• **Requirement**
Up to and including the line that contains "DEVIN E FIELD", repeat each line of the data exactly, starting from the first.

• **Records to use**

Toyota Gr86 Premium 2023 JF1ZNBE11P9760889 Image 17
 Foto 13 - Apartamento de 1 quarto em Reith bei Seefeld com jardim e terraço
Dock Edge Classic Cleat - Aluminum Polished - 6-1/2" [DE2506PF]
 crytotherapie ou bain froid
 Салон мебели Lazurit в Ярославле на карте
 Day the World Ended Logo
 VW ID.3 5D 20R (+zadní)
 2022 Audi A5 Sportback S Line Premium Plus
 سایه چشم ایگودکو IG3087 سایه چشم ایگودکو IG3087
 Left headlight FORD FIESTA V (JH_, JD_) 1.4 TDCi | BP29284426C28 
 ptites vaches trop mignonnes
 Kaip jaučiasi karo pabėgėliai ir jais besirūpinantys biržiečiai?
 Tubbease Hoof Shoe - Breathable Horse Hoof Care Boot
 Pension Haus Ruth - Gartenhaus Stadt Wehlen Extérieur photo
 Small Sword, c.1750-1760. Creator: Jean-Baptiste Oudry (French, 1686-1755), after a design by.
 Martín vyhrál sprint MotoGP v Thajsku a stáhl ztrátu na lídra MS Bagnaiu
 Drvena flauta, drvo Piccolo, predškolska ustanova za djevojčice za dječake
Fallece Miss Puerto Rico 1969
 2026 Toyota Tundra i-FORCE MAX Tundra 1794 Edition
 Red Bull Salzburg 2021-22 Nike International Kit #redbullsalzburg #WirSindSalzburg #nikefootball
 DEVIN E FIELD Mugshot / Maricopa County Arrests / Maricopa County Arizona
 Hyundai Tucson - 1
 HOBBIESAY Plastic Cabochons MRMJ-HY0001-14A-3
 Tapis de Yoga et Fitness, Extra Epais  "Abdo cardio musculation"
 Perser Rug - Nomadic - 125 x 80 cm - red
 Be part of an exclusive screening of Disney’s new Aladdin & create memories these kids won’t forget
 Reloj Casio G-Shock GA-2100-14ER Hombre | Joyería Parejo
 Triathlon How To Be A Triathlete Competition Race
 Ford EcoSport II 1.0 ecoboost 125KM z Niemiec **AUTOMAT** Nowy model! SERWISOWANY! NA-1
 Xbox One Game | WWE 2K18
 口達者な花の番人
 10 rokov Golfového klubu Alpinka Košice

• **Task response**
Toyota Gr86 Premium 2023 JF1ZNBE11P9760889 Image 17
 Foto 13 - Apartamento de 1 quarto em Reith bei Seefeld com jardim e terraço
Dock Edge Classic Cleat - Aluminum Polished - 6-1/2" [DE2506PF]
 crytotherapie ou bain froid
 Салон мебели Lazurit в Ярославле на карте
 Day the World Ended Logo
 VW ID.3 5D 20R (+zadní)
 2022 Audi A5 Sportback S Line Premium Plus
 سایه چشم ایگودکو IG3087 سایه چشم ایگودکو IG3087
 Left headlight FORD FIESTA V (JH_, JD_) 1.4 TDCi | BP29284426C28 
 ptites vaches trop mignonnes
 Kaip jaučiasi karo pabėgėliai ir jais besirūpinantys biržiečiai?
 Tubbease Hoof Shoe - Breathable Horse Hoof Care Boot
 Pension Haus Ruth - Gartenhaus Stadt Wehlen Extérieur photo
 Small Sword, c.1750-1760. Creator: Jean-Baptiste Oudry (French, 1686-1755), after a design by.
 Martín vyhrál sprint MotoGP v Thajsku a stáhl ztrátu na lídra MS Bagnaiu
 Drvena flauta, drvo Piccolo, predškolska ustanova za djevojčice za dječake
Fallece Miss Puerto Rico 1969
 2026 Toyota Tundra i-FORCE MAX Tundra 1794 Edition
 Red Bull Salzburg 2021-22 Nike International Kit #redbullsalzburg #WirSindSalzburg #nikefootball
 DEVIN E FIELD Mugshot / Maricopa County Arrests / Maricopa County Arizona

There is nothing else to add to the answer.